I have called petsmart and they seem like a good start to me, but they have bad reviews. 
Does anyone know of a good trainer for a inexpensive price? My pup is 10 weeks today. Any good outcome from petsmart training anyone??

Thanks.


----------



## Neko (Dec 13, 2012)

Nope, find a dog club or other group classes, usually even cheaper and professional trainers. First Petsmart is dangerous =( too many dogs and not all responsible owners. Parvo....

Also, you will learn way more on the internet than from petsmart trainers, they are not really trainers... Trust me I asked... 

a little net blocked by a few chairs is not a great training place. 

our pup is in a class of 15 puppies, huge facility so we can even practice recall, how would you do that at petsmart? we also get to have our puppys try agility. 

go and watch a few puppy classes at petsmart, they just sit and talk and all useless info. 

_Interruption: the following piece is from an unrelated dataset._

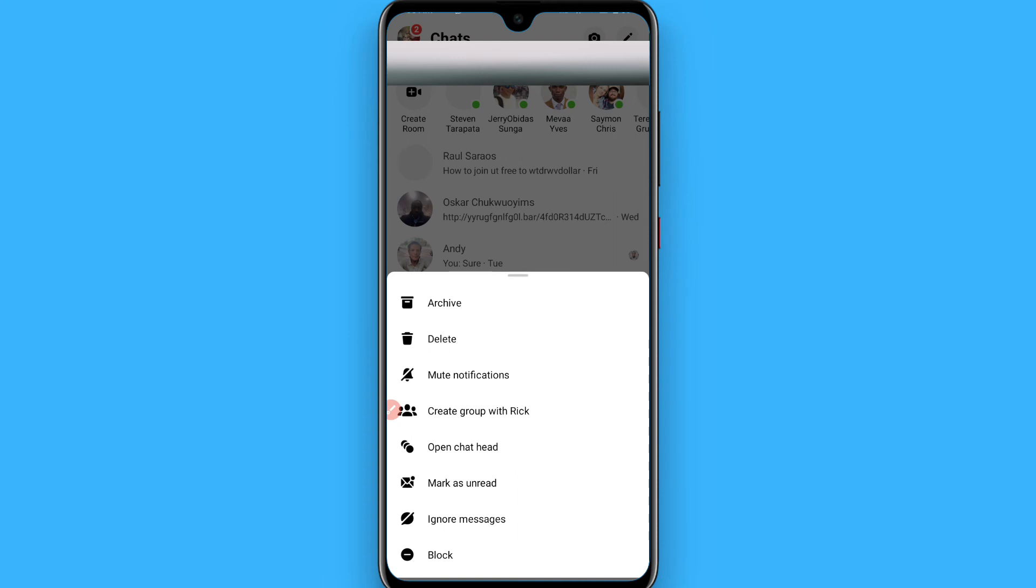Once you click on delete, your conversation with that friend will be deleted. In this way, you can delete a conversation on Messenger with any of your friends. Hope this video is helpful for you. See you next time, thank you.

while watching the class i notice the instructor pretty much advertising toys and treats. It's all about sales. 

hope this helps!


----------



## Shade (Feb 20, 2012)

I've watched some Petsmart classes and my best friend went through their puppy class with her dog. Not impressed to be honest

I needed a new clicker before one of my obedience classes with Delgado so I was in Petsmart with Delgado in one of the aisles looking. One of the trainers came around the corner with a large husky and young couple walking beside them. I made sure to move it so they had plently of room for them to get around but kept a sideway eye on the husky as I didn't get good vibes off him.

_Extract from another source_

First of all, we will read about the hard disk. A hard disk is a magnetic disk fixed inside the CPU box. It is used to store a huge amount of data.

The trainer just stood there in the aisle holding the leash, allowing the husky to stare intently at Delgado who was around 5 months at the time, this continued for several minutes. Delgado was looking back at forth at the husky and me as if to say "what's his problem." The husky moved forward and Delgado backed up a step and looked at me, the trainer turned to the young owners and commented loud enough for me to hear. "See, that's fear!" I was going to be late for class and didn't want to cause a scene so I waited until the trainer looked back at me, and raised a eyebrow and rolled my eyes before walking calmly down the aisle and headed for the checkout. If it was "fear" my puppy would have been hiding behind my legs at the first start of the stare 

Obviously this husky had issues and I don't know if the trainer was doing a demo or what, but I was seriously not impressed by the way the "trainer" handled the situation. Seriously messed up and I hope the other owners were smart enough to realize how much of a idiot he was.


----------



## I_LOVE_MY_MIKKO (Oct 4, 2006)

Where in the panhandle?


----------



## kris_91 (Apr 24, 2013)

Im in crestview, Florida.

Sent from Petguide.com Free App


----------